Tuesday, December 1, 2009

taking the plunge

"I'm confident in my aim
And every step I take -
Cherishing my successes
And surviving my mistakes."
- F.J. Shelley

A long time ago, a friend described himself as having "a determined chin." I've always been fond of that phrase, and when I'm struggling with something or trying to figure out whether or not to take a big chance, that phrase often pops into my head.

I know I don't always have it right. There are times when I am faced with a decision to make, and I know deep down in my heart I haven't given the puzzle enough thought. As analytical as I can be, I know there are instances when I just don't have enough time to give something the amount of thought I would otherwise dedicate. The road forks, and I have to turn left or turn right. There isn't much I can do but make a choice for moving forward and then just go in that direction until it's time to change course again. Sometimes, those decisions are completely off the mark, and when the realization surfaces, I'm miles off course.
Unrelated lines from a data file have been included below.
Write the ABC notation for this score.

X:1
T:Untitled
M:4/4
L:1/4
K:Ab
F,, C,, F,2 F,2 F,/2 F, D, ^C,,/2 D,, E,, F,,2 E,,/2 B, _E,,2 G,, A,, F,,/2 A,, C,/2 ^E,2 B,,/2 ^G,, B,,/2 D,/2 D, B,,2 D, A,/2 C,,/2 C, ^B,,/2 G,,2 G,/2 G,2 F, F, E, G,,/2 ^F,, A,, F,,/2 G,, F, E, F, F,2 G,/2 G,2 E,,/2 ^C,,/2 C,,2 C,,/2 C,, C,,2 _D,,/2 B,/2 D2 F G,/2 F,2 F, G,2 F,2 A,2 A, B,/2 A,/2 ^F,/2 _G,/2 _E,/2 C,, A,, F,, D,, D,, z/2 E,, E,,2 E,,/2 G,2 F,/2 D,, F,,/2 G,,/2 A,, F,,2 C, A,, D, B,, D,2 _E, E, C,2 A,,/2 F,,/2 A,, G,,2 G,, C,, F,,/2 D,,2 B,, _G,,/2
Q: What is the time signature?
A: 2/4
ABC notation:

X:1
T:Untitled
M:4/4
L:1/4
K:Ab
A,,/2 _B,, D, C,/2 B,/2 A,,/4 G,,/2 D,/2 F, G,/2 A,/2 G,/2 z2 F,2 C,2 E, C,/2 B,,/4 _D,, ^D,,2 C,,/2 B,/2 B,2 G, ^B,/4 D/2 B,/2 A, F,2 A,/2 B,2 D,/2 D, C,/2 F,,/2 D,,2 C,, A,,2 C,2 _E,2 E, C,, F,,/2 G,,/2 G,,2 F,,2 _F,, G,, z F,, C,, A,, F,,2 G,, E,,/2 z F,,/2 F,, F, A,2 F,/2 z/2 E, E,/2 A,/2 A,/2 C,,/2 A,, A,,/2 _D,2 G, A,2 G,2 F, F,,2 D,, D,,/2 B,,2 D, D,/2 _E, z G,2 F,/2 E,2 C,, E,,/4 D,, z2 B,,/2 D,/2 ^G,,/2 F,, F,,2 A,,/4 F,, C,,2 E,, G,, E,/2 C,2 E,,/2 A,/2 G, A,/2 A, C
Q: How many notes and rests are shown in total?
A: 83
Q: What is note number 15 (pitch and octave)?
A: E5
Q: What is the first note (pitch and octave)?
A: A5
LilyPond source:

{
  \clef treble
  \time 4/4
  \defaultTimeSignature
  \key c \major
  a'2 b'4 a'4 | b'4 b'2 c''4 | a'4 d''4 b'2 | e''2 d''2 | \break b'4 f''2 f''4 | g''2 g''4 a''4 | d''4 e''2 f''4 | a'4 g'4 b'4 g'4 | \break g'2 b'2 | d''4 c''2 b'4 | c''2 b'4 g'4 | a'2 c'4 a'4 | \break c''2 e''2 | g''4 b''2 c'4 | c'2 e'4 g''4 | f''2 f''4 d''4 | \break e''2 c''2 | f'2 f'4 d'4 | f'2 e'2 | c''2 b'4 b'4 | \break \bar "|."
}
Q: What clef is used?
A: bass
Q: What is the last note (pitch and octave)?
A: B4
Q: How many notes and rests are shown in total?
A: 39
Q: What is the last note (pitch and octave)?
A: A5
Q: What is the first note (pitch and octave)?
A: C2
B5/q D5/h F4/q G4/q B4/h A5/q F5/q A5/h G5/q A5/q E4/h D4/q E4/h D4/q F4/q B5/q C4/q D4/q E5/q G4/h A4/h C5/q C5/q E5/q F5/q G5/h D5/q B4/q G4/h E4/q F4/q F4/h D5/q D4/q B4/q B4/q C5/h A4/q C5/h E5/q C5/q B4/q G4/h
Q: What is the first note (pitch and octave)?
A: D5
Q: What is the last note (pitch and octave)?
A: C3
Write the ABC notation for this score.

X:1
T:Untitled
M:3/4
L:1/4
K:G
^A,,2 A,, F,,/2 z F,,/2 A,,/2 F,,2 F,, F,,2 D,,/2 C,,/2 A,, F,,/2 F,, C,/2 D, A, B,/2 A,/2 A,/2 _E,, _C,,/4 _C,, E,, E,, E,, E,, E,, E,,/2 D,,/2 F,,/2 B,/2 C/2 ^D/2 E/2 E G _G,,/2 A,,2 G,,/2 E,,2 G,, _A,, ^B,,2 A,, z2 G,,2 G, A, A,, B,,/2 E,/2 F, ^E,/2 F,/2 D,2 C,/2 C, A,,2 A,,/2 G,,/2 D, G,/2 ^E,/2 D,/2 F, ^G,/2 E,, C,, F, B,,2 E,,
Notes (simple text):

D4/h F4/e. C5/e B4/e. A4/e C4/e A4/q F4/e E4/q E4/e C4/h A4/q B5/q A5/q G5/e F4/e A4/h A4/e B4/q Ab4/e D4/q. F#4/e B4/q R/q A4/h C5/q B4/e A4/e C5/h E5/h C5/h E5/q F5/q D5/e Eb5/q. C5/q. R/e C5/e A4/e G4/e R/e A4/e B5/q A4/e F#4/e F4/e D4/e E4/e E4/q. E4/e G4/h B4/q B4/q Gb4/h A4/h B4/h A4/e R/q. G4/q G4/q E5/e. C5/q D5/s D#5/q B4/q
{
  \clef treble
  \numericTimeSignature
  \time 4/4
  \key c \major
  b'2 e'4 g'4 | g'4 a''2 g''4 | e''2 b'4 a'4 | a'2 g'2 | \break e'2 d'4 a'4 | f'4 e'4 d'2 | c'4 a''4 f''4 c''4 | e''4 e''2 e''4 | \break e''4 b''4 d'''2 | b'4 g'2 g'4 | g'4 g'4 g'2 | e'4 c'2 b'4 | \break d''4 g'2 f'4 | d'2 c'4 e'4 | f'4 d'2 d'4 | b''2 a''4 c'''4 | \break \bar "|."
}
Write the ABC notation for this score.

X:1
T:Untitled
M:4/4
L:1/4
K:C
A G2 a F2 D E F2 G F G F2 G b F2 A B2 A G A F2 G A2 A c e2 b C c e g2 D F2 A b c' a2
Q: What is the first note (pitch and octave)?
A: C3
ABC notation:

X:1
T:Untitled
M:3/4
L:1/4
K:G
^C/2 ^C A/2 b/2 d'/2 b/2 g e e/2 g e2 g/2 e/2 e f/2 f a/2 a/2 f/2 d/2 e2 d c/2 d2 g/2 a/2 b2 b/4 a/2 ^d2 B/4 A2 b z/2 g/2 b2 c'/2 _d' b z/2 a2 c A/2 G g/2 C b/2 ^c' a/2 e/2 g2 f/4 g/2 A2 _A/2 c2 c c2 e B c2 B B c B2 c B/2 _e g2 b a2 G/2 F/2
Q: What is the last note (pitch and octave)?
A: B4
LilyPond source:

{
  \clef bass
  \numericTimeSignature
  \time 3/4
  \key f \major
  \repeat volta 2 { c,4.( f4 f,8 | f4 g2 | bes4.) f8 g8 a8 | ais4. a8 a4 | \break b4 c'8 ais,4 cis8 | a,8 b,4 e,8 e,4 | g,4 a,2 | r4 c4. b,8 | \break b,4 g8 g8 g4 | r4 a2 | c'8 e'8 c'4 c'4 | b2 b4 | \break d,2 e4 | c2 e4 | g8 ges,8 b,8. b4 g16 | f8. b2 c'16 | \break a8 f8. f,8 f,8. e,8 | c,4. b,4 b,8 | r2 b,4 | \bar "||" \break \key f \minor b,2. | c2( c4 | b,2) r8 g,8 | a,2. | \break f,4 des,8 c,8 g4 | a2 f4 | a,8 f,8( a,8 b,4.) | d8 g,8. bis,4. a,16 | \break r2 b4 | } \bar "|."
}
One thing about myself I've come to accept is that I take risks. I could live my life standing in the same place, but I know I wouldn't be content. I push myself a lot, even at times when I would rather rest. I hate to use the word "expect," but if I'm being honest with myself, I have to admit that I expect a lot from myself. Would my life be the way it is if I lived my life any other way? Somehow I doubt it. I make a lot - A LOT - of mistakes. But I also can lay claim to a lot of amazing things, too.

So, when I fail, I have to remember - I was built to survive my mistakes.

And, once the dust clears, I know I probably won't wait for the scars to heal before I get up and go. I will strive for bigger and better things. I might fail in the process, but I'll eventually succeed.

Through it all, I have a determined chin.